_DATA IN THIS EXERCISE:_
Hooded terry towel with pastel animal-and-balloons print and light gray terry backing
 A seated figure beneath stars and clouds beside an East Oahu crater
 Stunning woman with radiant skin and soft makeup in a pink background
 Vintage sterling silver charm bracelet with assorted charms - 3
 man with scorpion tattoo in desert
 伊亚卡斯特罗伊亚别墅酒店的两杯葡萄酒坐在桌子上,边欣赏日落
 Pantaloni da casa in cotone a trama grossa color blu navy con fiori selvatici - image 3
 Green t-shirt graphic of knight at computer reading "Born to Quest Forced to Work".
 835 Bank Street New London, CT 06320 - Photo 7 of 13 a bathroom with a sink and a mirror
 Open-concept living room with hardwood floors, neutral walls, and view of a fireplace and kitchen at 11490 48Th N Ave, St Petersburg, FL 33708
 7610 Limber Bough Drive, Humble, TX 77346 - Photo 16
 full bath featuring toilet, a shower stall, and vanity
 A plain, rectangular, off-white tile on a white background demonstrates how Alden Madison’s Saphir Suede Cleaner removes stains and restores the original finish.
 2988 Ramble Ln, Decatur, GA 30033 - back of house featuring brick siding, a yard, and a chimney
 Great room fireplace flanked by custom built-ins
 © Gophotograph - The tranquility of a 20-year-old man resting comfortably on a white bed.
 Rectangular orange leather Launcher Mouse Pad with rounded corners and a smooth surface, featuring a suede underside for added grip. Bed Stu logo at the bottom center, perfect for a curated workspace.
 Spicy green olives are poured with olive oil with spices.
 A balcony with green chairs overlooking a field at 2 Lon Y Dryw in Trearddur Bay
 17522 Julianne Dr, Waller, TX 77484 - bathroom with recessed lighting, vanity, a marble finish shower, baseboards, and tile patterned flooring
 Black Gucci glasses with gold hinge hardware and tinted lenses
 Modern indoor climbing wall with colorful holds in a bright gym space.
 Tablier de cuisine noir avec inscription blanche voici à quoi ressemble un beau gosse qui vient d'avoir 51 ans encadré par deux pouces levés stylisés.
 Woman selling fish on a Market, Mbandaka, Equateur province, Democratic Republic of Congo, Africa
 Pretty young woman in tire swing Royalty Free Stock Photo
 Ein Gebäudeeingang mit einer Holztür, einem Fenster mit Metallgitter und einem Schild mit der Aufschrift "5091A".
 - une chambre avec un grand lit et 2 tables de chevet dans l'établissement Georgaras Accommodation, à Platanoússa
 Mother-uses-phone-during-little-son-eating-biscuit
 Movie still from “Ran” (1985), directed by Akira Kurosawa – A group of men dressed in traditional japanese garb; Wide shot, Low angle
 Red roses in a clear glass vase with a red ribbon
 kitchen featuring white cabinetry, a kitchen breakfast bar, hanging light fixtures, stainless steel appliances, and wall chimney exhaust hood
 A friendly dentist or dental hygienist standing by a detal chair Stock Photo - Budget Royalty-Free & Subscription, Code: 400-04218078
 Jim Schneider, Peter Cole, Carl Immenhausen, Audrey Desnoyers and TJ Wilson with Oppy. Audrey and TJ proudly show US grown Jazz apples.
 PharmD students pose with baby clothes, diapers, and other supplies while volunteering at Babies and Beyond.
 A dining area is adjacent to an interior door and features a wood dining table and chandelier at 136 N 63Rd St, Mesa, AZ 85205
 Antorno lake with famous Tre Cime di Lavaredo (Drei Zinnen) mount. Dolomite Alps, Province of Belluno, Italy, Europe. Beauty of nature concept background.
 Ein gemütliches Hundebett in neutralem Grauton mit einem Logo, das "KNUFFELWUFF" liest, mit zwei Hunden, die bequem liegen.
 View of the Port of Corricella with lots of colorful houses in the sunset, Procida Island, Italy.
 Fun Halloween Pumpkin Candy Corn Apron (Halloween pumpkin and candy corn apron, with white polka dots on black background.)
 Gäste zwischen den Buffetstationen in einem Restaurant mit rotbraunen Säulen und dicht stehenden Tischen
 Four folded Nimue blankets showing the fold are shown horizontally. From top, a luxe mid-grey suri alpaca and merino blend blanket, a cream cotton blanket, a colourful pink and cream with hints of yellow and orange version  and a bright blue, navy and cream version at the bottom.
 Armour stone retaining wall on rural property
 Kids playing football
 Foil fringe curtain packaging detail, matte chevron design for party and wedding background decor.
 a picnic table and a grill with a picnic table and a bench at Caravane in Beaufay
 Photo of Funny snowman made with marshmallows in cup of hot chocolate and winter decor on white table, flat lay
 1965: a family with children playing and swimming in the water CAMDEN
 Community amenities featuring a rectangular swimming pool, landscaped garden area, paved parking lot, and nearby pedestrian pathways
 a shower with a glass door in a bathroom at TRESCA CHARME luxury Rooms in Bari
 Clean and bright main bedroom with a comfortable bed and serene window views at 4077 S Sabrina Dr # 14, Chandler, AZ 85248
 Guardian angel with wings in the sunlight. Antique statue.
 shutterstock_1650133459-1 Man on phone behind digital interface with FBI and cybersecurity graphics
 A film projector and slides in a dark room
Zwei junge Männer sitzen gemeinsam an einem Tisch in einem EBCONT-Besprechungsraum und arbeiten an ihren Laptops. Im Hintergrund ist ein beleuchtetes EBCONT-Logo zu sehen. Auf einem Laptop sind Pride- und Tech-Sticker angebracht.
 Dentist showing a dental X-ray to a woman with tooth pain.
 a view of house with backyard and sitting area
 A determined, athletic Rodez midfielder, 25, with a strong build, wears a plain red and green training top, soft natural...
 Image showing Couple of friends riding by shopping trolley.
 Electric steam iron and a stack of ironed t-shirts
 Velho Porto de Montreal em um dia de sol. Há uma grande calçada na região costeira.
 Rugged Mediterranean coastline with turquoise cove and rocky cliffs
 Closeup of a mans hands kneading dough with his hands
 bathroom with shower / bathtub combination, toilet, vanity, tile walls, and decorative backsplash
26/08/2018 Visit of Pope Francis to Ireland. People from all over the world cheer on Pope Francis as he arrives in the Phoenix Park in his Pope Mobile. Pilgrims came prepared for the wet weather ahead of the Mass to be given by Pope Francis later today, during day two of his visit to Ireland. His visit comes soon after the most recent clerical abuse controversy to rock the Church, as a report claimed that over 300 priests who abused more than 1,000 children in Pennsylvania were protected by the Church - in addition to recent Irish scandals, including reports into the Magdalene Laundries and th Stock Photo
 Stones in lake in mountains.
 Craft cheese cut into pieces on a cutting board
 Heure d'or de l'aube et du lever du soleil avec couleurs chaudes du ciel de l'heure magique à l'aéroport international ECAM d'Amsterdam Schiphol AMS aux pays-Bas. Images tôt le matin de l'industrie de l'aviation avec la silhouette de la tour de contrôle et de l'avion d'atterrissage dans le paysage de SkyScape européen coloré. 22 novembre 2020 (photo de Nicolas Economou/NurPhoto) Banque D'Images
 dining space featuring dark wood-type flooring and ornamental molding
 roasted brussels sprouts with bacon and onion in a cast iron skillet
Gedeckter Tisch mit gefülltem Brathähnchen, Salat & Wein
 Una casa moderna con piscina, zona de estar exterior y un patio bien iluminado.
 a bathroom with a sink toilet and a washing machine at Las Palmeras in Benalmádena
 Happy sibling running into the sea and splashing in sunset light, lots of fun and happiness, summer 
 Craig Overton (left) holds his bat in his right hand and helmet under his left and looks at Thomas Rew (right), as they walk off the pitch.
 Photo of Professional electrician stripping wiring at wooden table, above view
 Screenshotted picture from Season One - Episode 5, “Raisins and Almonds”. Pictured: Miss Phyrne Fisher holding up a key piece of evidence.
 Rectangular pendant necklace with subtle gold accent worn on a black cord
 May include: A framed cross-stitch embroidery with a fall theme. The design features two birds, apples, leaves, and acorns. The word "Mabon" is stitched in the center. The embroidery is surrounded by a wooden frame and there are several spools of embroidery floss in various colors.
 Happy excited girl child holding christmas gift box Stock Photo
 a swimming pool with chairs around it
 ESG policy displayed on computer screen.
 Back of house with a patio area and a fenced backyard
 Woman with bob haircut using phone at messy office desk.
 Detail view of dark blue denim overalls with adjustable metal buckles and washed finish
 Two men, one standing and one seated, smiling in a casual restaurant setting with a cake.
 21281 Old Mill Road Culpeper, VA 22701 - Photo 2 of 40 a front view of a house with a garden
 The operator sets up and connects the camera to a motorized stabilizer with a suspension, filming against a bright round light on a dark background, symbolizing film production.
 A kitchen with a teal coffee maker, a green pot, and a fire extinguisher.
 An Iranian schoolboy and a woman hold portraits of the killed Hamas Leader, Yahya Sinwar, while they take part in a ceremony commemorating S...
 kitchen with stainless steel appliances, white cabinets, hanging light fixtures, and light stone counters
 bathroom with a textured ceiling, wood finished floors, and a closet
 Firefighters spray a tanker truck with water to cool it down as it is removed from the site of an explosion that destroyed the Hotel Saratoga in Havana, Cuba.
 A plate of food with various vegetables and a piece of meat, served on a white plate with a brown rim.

_REQUIRED WORK:_
Return word for word the lines above from the line with "Pantaloni da casa" to the line with "Great room fireplace", including both and leaving out all others.

_SOLUTION TO THIS TASK:_
 Pantaloni da casa in cotone a trama grossa color blu navy con fiori selvatici - image 3
 Green t-shirt graphic of knight at computer reading "Born to Quest Forced to Work".
 835 Bank Street New London, CT 06320 - Photo 7 of 13 a bathroom with a sink and a mirror
 Open-concept living room with hardwood floors, neutral walls, and view of a fireplace and kitchen at 11490 48Th N Ave, St Petersburg, FL 33708
 7610 Limber Bough Drive, Humble, TX 77346 - Photo 16
 full bath featuring toilet, a shower stall, and vanity
 A plain, rectangular, off-white tile on a white background demonstrates how Alden Madison’s Saphir Suede Cleaner removes stains and restores the original finish.
 2988 Ramble Ln, Decatur, GA 30033 - back of house featuring brick siding, a yard, and a chimney
 Great room fireplace flanked by custom built-ins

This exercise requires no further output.